At the same time, after the transfer of the code 11110 to the register 6 and its summation with the contents of the adder 8, the code 100000 1100, i.e. the overflow trigger: the mantissa adder is set to one, causing block 4 to add unit E to counter 7 and to shift the contents of adder 8 to the right by one bit.

Further, the process is repeated analogously, with the only difference that the voltage from converter 10 will be transmitted through converter 2, providing a transmission coefficient that differs from the previous one two times.

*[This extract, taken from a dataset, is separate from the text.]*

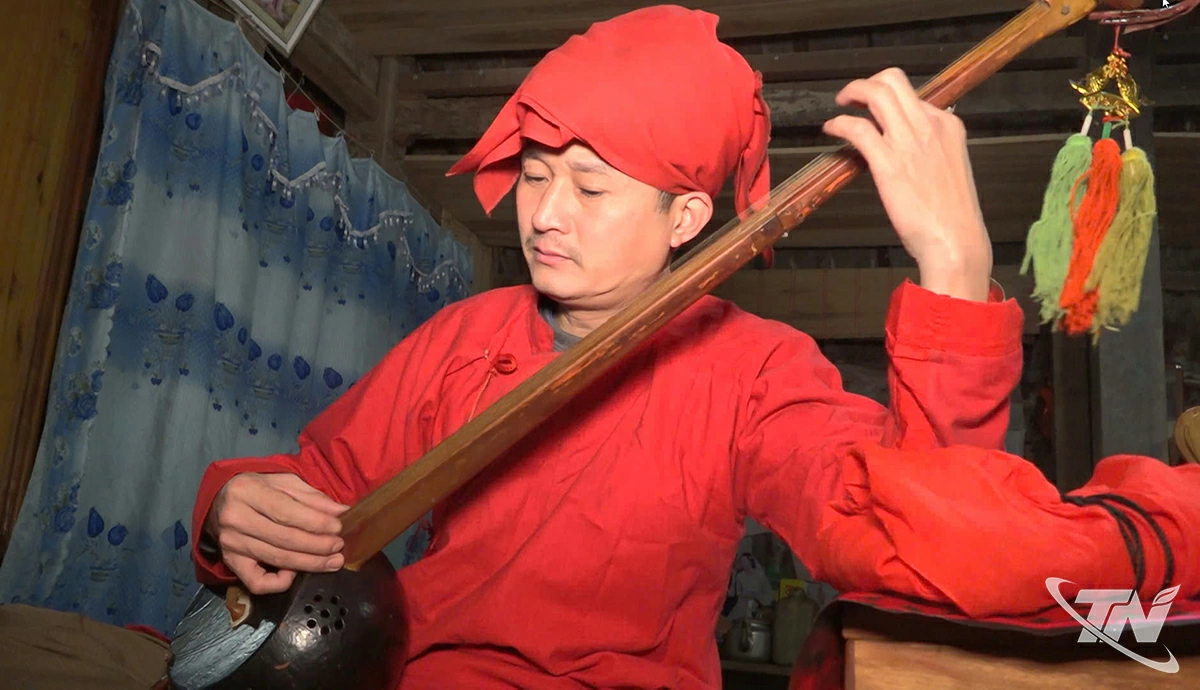 Nghệ nhân dân gian Bế Đình Giai ở xã Chợ Đồn 
đang thực hành lễ Then cầu yên.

After the value of the reference voltage exceeds the value of the voltage to be converted, the block 4 stops the converter 2 from the signal of the device 1. At the same time, the mantissa code is fixed on the adder 8, the code of the order of the linear numerical equivalent is fixed on the counter 7, and together on the counter 7 and Regisre 6 (excluding most significant bit) is the logarithmic code of the voltage to be converted.

Claims (2)

The use of a voltage-to-voltage converter allows coding to be made with a relative error, the magnitude of the fluctuations of which can be varied by changing the bit size of register 6, increasing the size can be reduced. The numeric equivalent is provided in floating point form with a normalized mantissa, and the input information in the digital computer is greatly simplified and quickened. In addition, replacing the mantissa increment counter with the increment register of the mantissa in the proposed device significantly simplifies the converter circuit and reduces the conversion time The claims of the voltage converter in the code containing the sensor voltage to be converted, the output of which is connected to the first input of the comparator, the second input which is connected to the output of the code converter, the voltage is of the order, and the output is connected to the first input of the control unit, the second input is connected to the output of the pulse generator, the first output of the control unit is connected to the input of the counter, the second output to the first input of the adder, the counter outputs through the decoder is connected to the first input of the code to voltage converter of the order, the second input of which is connected to the output of the code converter to the mantissa voltage whose first input is connected to the output of the reference voltage source and the second With the first output of the adder, characterized in that, in order to obtain a normalized floating point code, the block of the AND elements and the increment register of the mantissa are entered into it, the first inputs of the block of the AND elements are connected to the outputs of the senior bits of the adder, the second inputs AND block with the third output of the control block, outputs of the AND block of the elements connected to the inputs of the increment register of the mantissa, the first output of the control block with the control input of the increment register of the mantissa, and information outputs of the increment register Tisza - with relevant sukmatora inputs. Sources of information received attention during the examination: 1. USSR author's certificate 428546, cl. H 03 K 13/17, 10.05.72. 2. Author's certificate of the USSR 486471, cl. H 03 K 13/17, 20.04.73.